24 Mart 2015 Salı

TRIZ (Teoriya Rasheniya Izobreatatelskikh Zadatch) ile Problem Çözme (Giriş)


TRIZ farklı alt başlıklardan oluşan geniş bir konudur. O nedenle bu konunun detaylarına farklı başlıklar altında değinilecektir.

TRIZ, problem çözmek amacıyla geliştirilmiş bir metodolijidir. İster basit olsun, ister kompleks problemin belirli bir yöntem ile çözülmesi gereklidir.
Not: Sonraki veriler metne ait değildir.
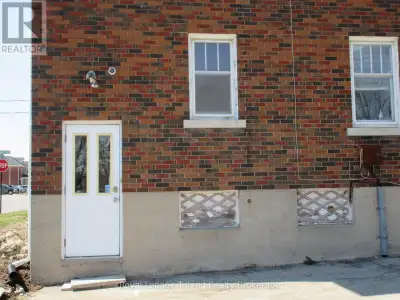 598 SQUARE FEET OF OFFICE SPACE AVAILABLE ON SECOND FLOOR IN DOWNTOWN WOODSTOCK. ENTRANCE FROM PARKI...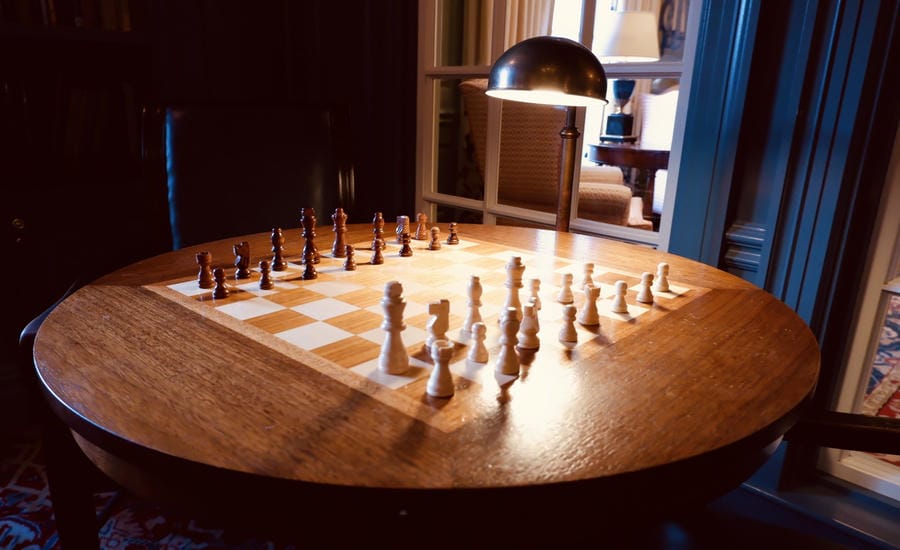 Chess was once a hobby especially favored by the European aristocracy. Photo: Phuong Linh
Sistemli bir şekilde sorgulayarak problemin köküne inmeye zorlayan bu yöntem, problemin semptomlarını ortadan kaldırmak yerine kalıcı çözümler oluşturmayı hedefler.

Problemden çözüme doğrudan geçilebiliyorsa ya problemin semptomları giderilmiştir (kalıcı çözüm yaratılamamıştır) ya da problem yoktur. Problemlerin çözülememesinin sebeplerine bakıldığında; bilgi eksikliği, saplantı, alışkanlıklara takılmak, çözüm tekniklerini uygulamamak ve çelişkileri dikkate almamak temel nedenlerdir. Herkesin her şeyi bilmesi beklenmemektedir. Bu nedenle bilgi eksikliği doğal bir şeydir. Ancak, saplantıların dışına çıkmayarak sadece uzman olunan alan içerisinde çözüm aramak veya alışkanlıklara takılarak işi ele alış şeklini değiştirmemek problem çözümünde engeldir. Çelişkileri göz ardı ederek çözümler geliştirmenin yeni problemlere yol açabileceği gerçeği de dikkate alınmalıdır.
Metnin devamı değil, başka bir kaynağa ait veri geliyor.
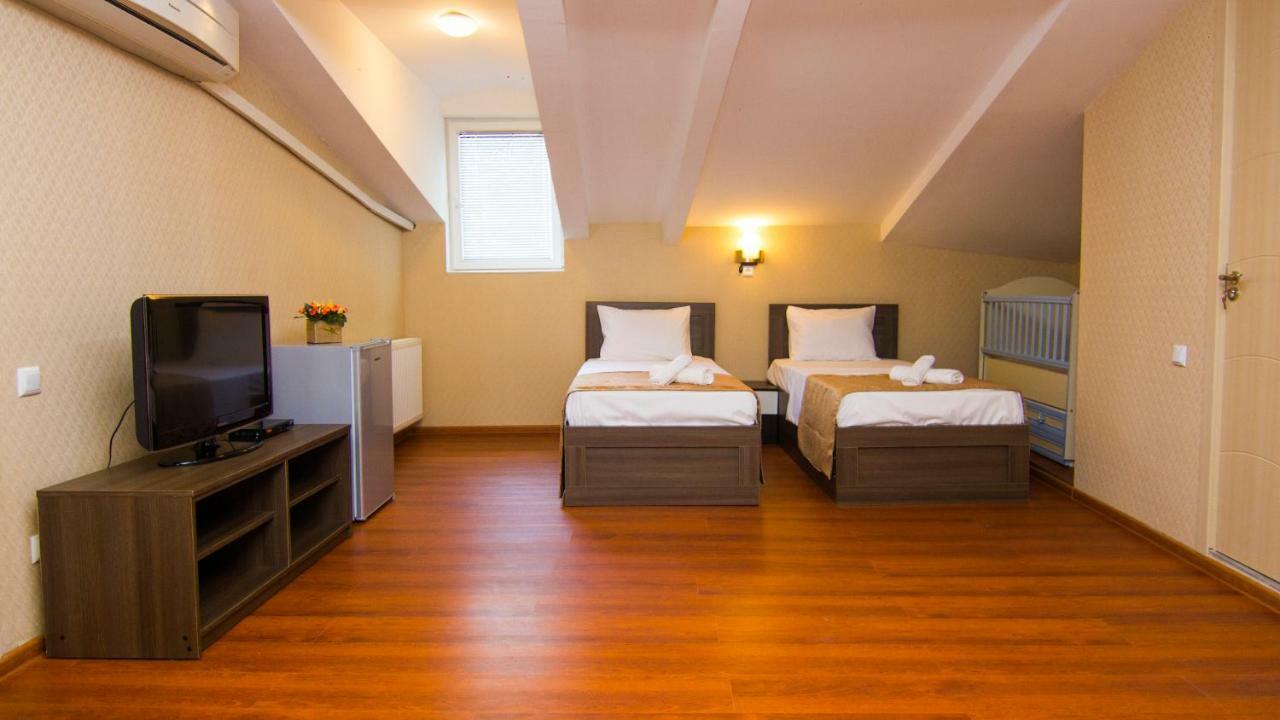 Old Georgia Hotel Tbilisi Ngoại thất bức ảnh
Problem çözme tekniği olan TRIZ’in babası Genrich Saulovich Altshuller, patent ofisinde çalıştığı yıllarda binlerce patenti incelemiş ve benzer problemlere benzer çözümler geliştirildiğini tespit etmiştir. Bu sayede 40 farklı prensip ile tüm problemlerin çözülebileceğini savunmuştur. Patentleri incelediği sırada, sadece problemlerin nasıl çözüldüğünü değil, teknolojinin evrimi konusunda da benzer yollardan geçildiğini görmüştür. Teknolojik evrim konusunda  kestirim yapılabildiği, dolayısıyla ürünün bir sonraki aşamalarında ulaşılabilecek seviyelerin öngörülebildiği Altshuller’in diğer önemli tespitidir. Farklı uzmanlık alanlarında dahi benzer yöntemler ile problemin çözüldüğünün görülmesi, çözüm arayışının geniş bir çerçevede yapılması gerektiğini ortaya koymaktadır. Çözüm uzayı olarak adlandırılan yer sadece içerisinde çalışılan sektörü değil, farklı sektörleri de kapsamaktadır. Problem jenerik bir problem olarak genellenmeli, ardından problemin jenerik çözümleri tespit edilerek asıl probleme uyarlanmalıdır. Bu sayede çözüm uzayı genişletilebilmektedir.

TRIZ aşağıdaki yaklaşım ve çözüm tekniklerini ortaya koymuştur. Bu başlıklara ileriki yazılarda ayrıca değinilecektir.

Yeniliğin Seviyesi: Buluşun yenilikçi yönü kıymetini gösterir. Yenilik seviyesi yükseldikçe ürünün gösteriği gelişim artmaktadır. Fiziksel gelişim, teknik gelişim, yeni teknoloji geliştirilmesi veya yeni fenomen yaratılması farklı gelişim seviyelerini ifade eder.

İdeallik: Günün şartlarına ve beklentilerine göre bir sistemin tercih edilen ideal durumda olması önemlidir. En temel bakış açısıyla, bir ürünün işe yarar fonksiyonel özellikleri artıp, tercih edilmeyen özellikleri azaldığı (maliyet, sağlığa zararlı özellikleri vb.) durumda sistem idealleşiyor denebilir.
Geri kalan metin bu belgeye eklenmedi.